Browsing through the books brought back a kaleidoscope of memories.

It all began in early 1962 when, as a newly arrived 18-year-old, first year student at Sydney University, I sat down in Fisher Library next to an Asian student. We got talking and about what we were studying and I told him I was studying French and German. He told me his name was Albert Kwee and that he came from Indonesia. He said that although he was of Chinese descent, he did not speak Chinese as his family had lived in Indonesia for many generations and only spoke Indonesian, the national language. Curious, I asked him about the language. He wrote down a few sentences, showing me that it was written perfectly phonetically in Latin script, had a very simple, straightforward grammar in that its verbs did not conjugate and its nouns and adjectives did not decline. For someone who had struggled through high school with the grammatical idiosyncrasies of Latin, German and French, and the intimidating nature of French pronunciation, Indonesian seemed like a breath of fresh air. Soon after, I found that Sydney University had a Department of Indonesian and Malayan Studies. I quickly enrolled, and in so doing determined the course of the rest of my life. Albert became a life-long friend, both of us being best men at our respective weddings. I ended up completing my bachelor, master and doctoral degrees in Indonesian studies, have often lectured on Indonesia, and still work as an Indonesian interpreter and translator.

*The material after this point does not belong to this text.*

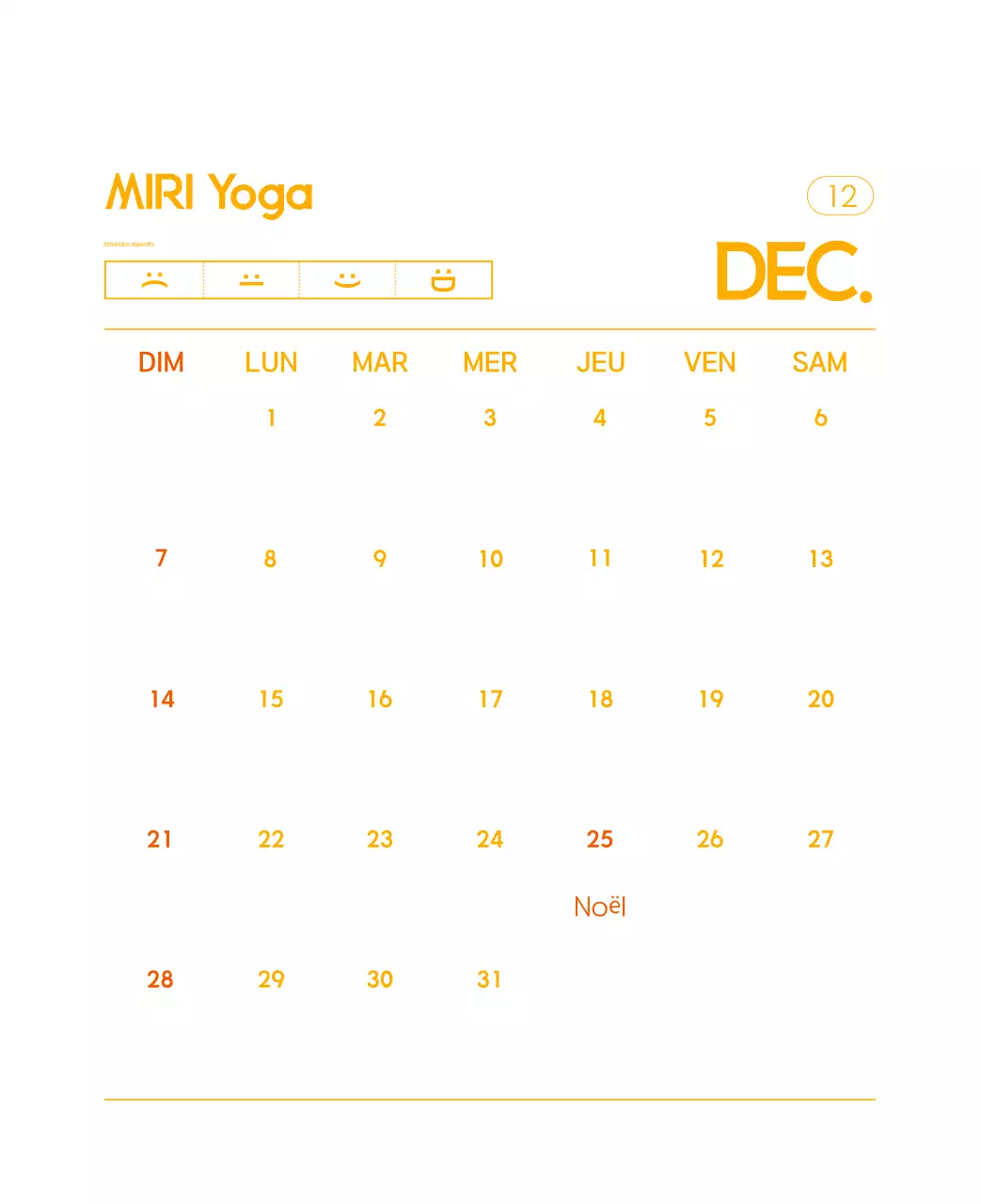 Calendrier promotionnel de yoga minimaliste orange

Half way through my first year studies, I was so taken by Indonesian studies that I decided to buy a ticket on a Lloyd Triestino passenger liner to see the country for myself. This is how, in December 1962, I caught my first glimpse of Indonesia from the deck of a ship as it sailed into Tanjung Priok, Jakarta’s harbour. I still have the letters I wrote home to my family and upon reading them now, I am transported back. In the distance behind the city, there were mountains and on the wharf below, I could see Albert’s family holding up a sign saying “Kwee” so that I could recognise them. As they drove me to their home, I was overwhelmed by the stifling heat and humidity, the kaleidoscopic impression of becaks (trishaws), cars, army lorries, buses, street vendors, people, people and people. They drove me to their suburban house on Jalan Mangga Besar Raya in Kota, the north district of the city.

In 1962 in the front yard of the Kwee family home on Jalan Mangga Besar Raya

Jalan Mangga Besar Raya was a wonderful introduction to Indonesian urban life. There was the constant “tok-tok” of bamboo sticks and “clang-clang” of metal bells coming from the street as a steady stream of vendors walked, peddled and rode past the front gate selling a multitude of products, ranging from every conceivable type of food delicacy to every household good one might possibly want. Up the street was Prinsen Park to which families thronged to enjoy the rides, performances and recreational facilities that had existed since colonial times. At the other end of the street were the major thoroughfares of Jalan Hayam Wuruk and Jalan Gajah Mada, which were then still rather grand tree-lined boulevards.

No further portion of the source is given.